A global overview of director sentiment on everything from big data, environmental issues to taxation and board recruitment.
The Global Network of Director Institutes (GNDI) inaugural Global Director Survey 2018 took the pulse of more than 2000 directors from 17 member organisations — representing Africa-Middle East, the Americas, Asia-Pacific and Europe — aiming to get insights across a range of economic, business and governance issues.
The survey found that 45 per cent of global directors were mostly confident or very confident about business and the prospects for growth in 2019. Europe had the most confident directors at 59 per cent, while business confidence was lower in Africa-Middle East at 44 per cent.
Big data and data privacy: benefits
Big data top-scored for technological disruptors in all regions, with 63 per cent of directors expecting their organisations to be impacted in the next two years. Big data has been a hot topic of conversation among directors, highlighted by the recent introduction of mandatory data breach reporting laws in various countries.
However, the survey showed that currently only 28 per cent of boards use big data in decision-making. An understanding of big data, along with technological disruptors such as the Internet of Things (IoT), blockchain and artificial intelligence (AI), ensures boards are able to develop a coherent data strategy that can effectively mine endless amounts of information. Data privacy and security form critical components of strategies like these — which 37 per cent of directors reported having limited or no understanding of.

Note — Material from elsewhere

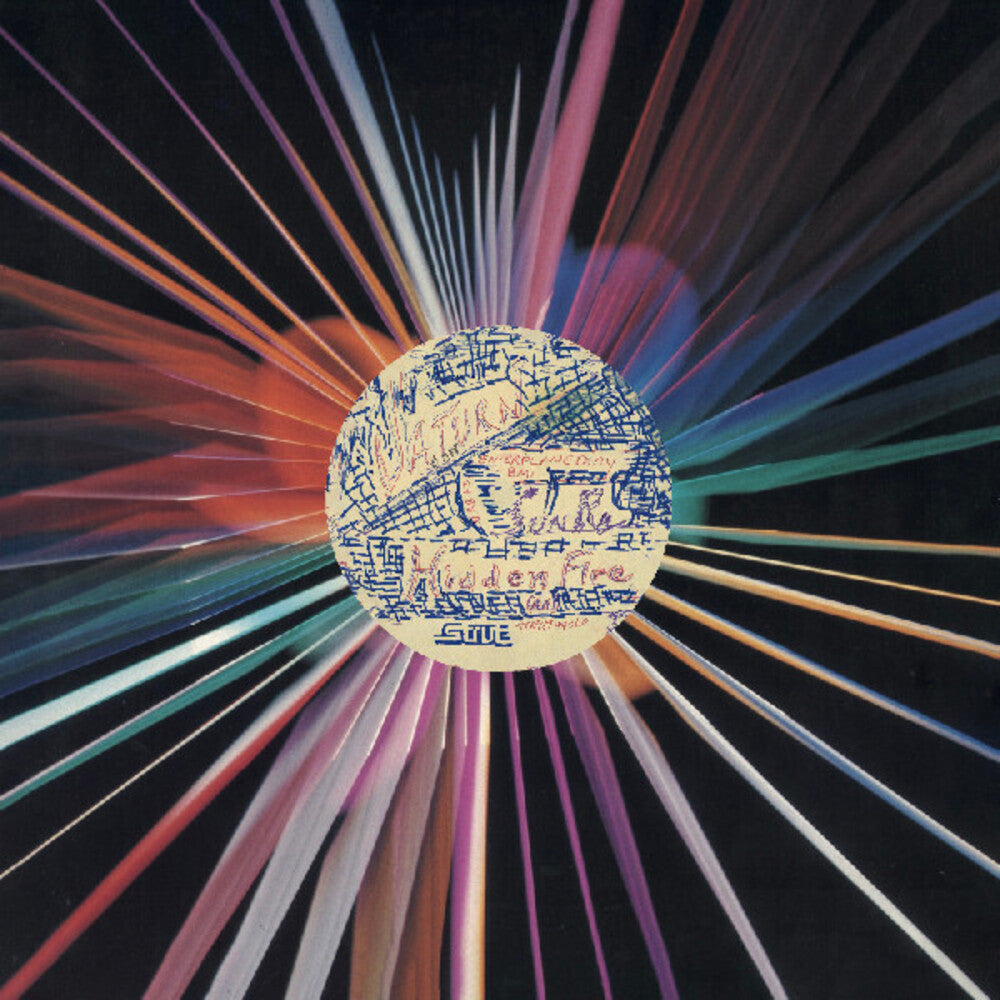 the album cover for Sun Ra - Hidden Fire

GNDI chair Angela Cherrington notes that boards have a key leadership and oversight role in data governance. “For a board to ask management the right questions and hold management to account, they need to understand and address data privacy and cybersecurity issues as they arise,” she says.
Board recruitment and diversity: how to get there
Fifty-nine per cent of directors viewed skills as very important in their latest board recruitment, coming in just behind background and experience at 62 per cent. While boards look for a broad range of skills and experiences when recruiting, the figures around diversity left room for concern. Only 51 per cent of directors viewed gender diversity as important, fairly important or very important.
Diversity and inclusion in organisations ranked sixth of relevant environmental, economic and social issues that affect organisations’ strategies and activities — behind ethical behaviour, community engagement and employee health and safety.
Edward Palmisano MAICD, the AICD’s head of International, regularly discusses diversity with directors around the world — from Dubai to Hong Kong to Fiji.
“When discussing diversity we see different responses, from high levels of diversity in places like Norway due to legislated quotas, to deeper cultural barriers that limit diversity in other countries,” he says.
Social and environmental issues: part of business
Ethical behaviour (72 per cent), health and safety (65 per cent) and employee engagement (57 per cent) were the three most relevant environmental and social issues and risks among surveyed directors. However, the report revealed many environmental issues and risks were not prioritised, including climate change (57 per cent), carbon-related issues (67 per cent), resource scarcity (56 per cent) and depletion of fossil fuels (70 per cent).
Cherrington says these issues speak to the long-term sustainability of organisations and should be part of a board’s strategy when considering alternative future scenarios. “The environment, climate change, carbon-related issues and resource management will become more important, and part of the conversation for more countries as the Paris Accord and United Nations Sustainable Development Goals get more attention.”